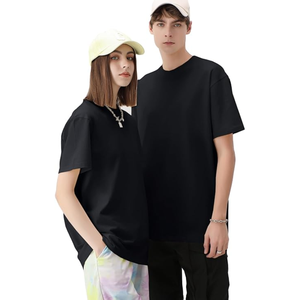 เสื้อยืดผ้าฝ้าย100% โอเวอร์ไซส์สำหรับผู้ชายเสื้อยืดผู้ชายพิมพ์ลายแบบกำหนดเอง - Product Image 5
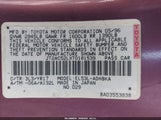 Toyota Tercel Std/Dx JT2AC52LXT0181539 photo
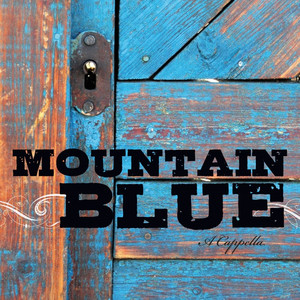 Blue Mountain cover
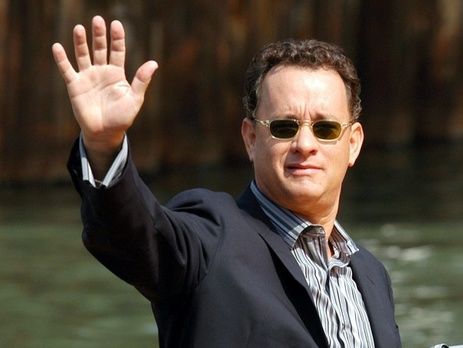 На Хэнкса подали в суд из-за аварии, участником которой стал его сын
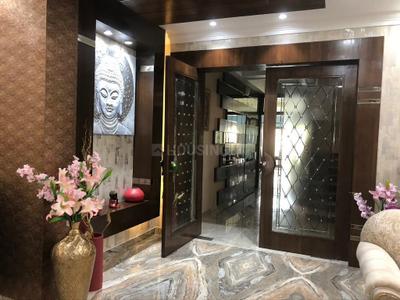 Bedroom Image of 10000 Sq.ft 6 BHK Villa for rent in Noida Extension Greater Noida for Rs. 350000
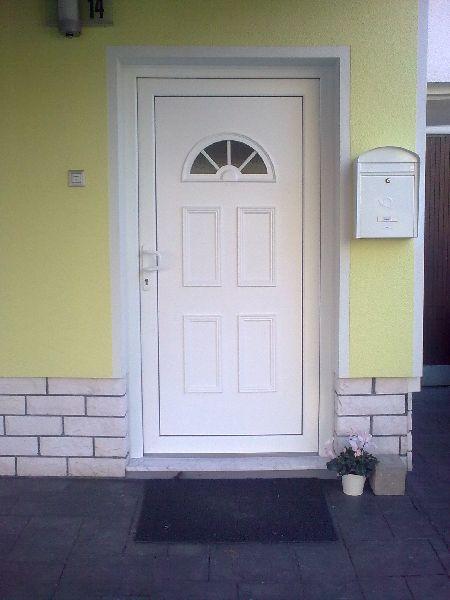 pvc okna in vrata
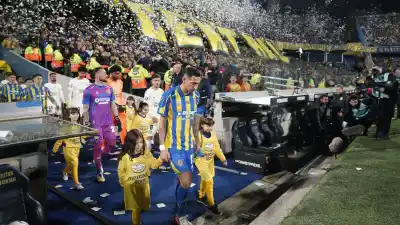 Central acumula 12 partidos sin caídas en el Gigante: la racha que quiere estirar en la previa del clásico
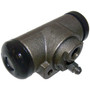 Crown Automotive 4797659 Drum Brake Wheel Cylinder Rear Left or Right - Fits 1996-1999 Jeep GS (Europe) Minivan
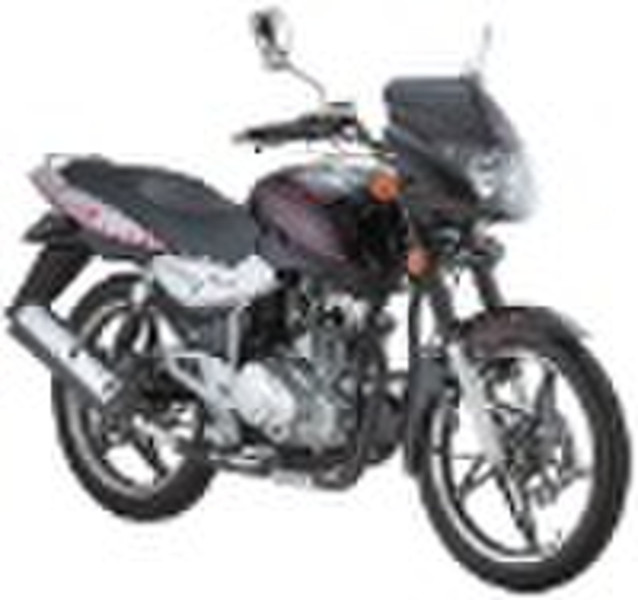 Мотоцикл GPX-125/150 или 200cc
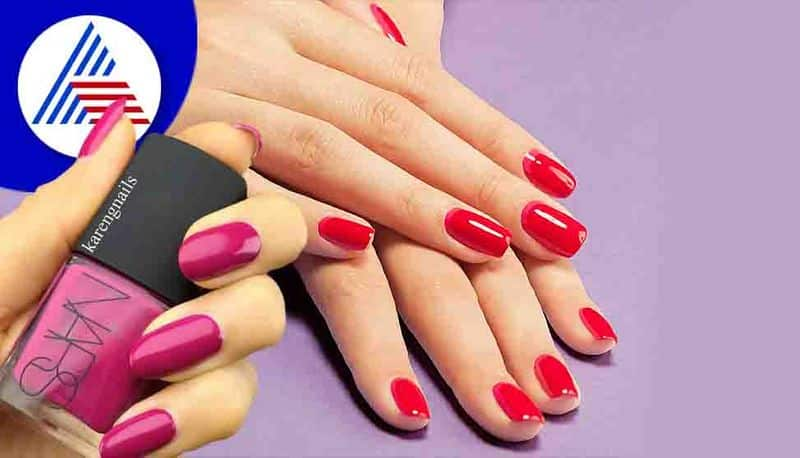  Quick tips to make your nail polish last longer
* * *
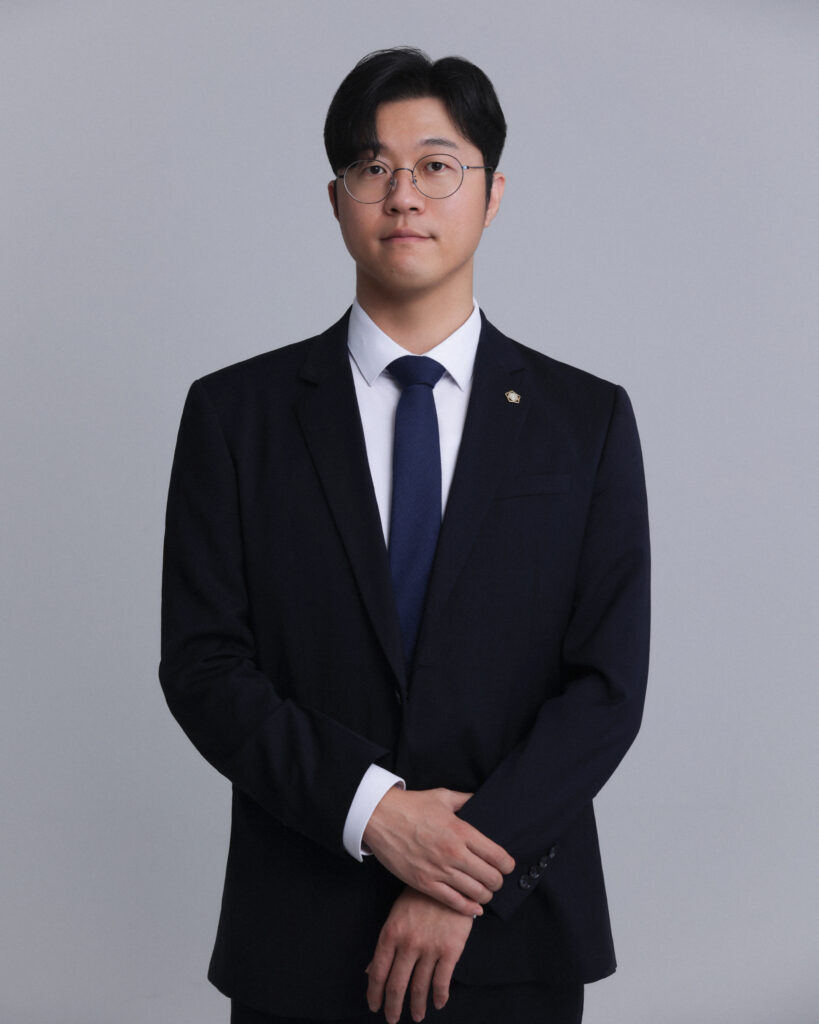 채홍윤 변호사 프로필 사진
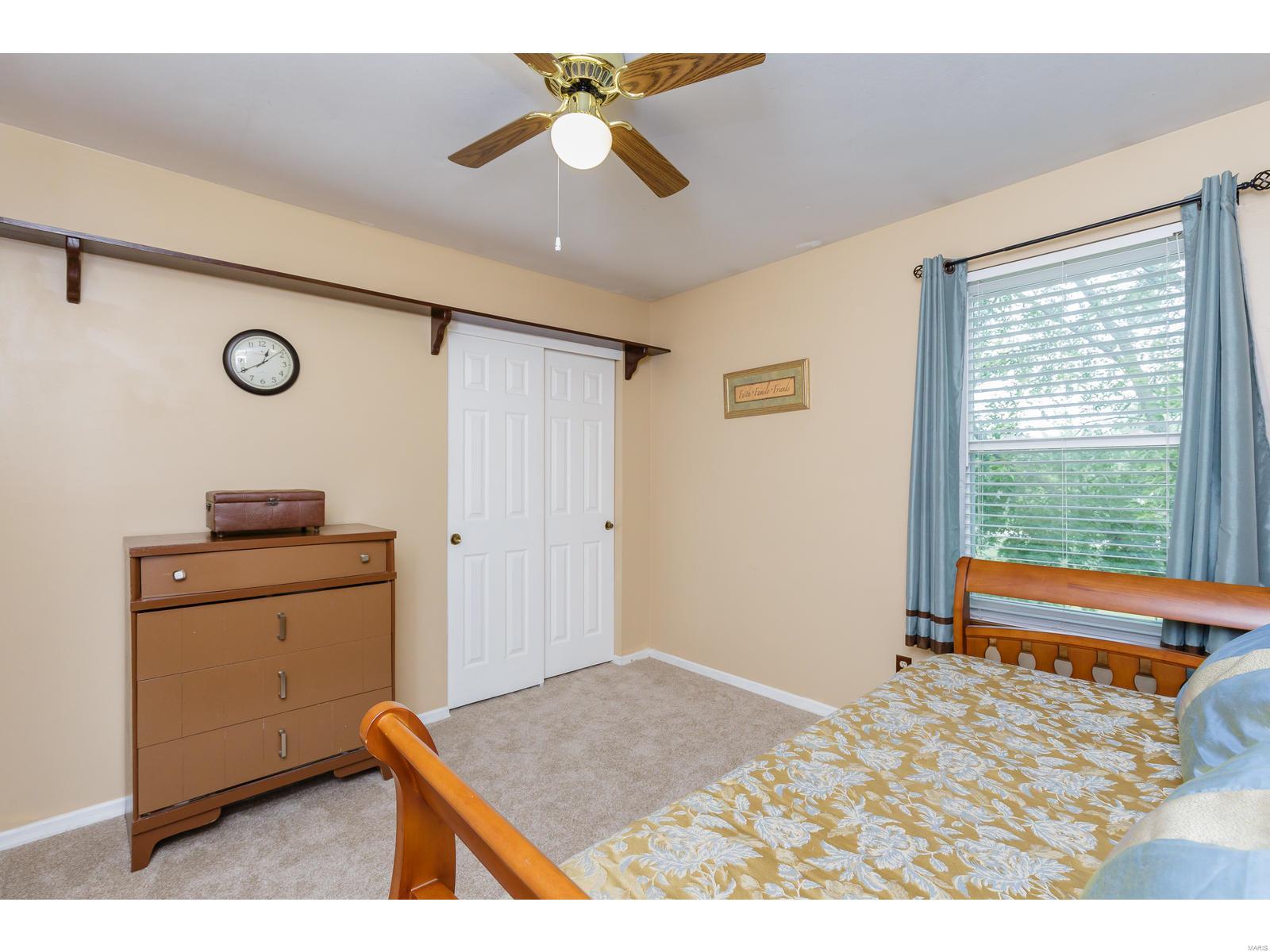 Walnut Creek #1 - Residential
* * *
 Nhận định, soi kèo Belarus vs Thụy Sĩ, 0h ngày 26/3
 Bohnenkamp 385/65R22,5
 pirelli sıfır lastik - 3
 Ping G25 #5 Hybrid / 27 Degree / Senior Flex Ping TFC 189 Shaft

### What you should do
Find where the line with "Product Image 5" sits in the material above and where the line with "Quick tips to" sits. Set down exactly the lines from the first to the second, both included and nothing else, without pictures.

### Response to this exercise
 เสื้อยืดผ้าฝ้าย100% โอเวอร์ไซส์สำหรับผู้ชายเสื้อยืดผู้ชายพิมพ์ลายแบบกำหนดเอง - Product Image 5
 Toyota Tercel Std/Dx JT2AC52LXT0181539 photo
 Blue Mountain cover
 На Хэнкса подали в суд из-за аварии, участником которой стал его сын
 Bedroom Image of 10000 Sq.ft 6 BHK Villa for rent in Noida Extension Greater Noida for Rs. 350000
 pvc okna in vrata
 Central acumula 12 partidos sin caídas en el Gigante: la racha que quiere estirar en la previa del clásico
 Crown Automotive 4797659 Drum Brake Wheel Cylinder Rear Left or Right - Fits 1996-1999 Jeep GS (Europe) Minivan
 Мотоцикл GPX-125/150 или 200cc
  Quick tips to make your nail polish last longer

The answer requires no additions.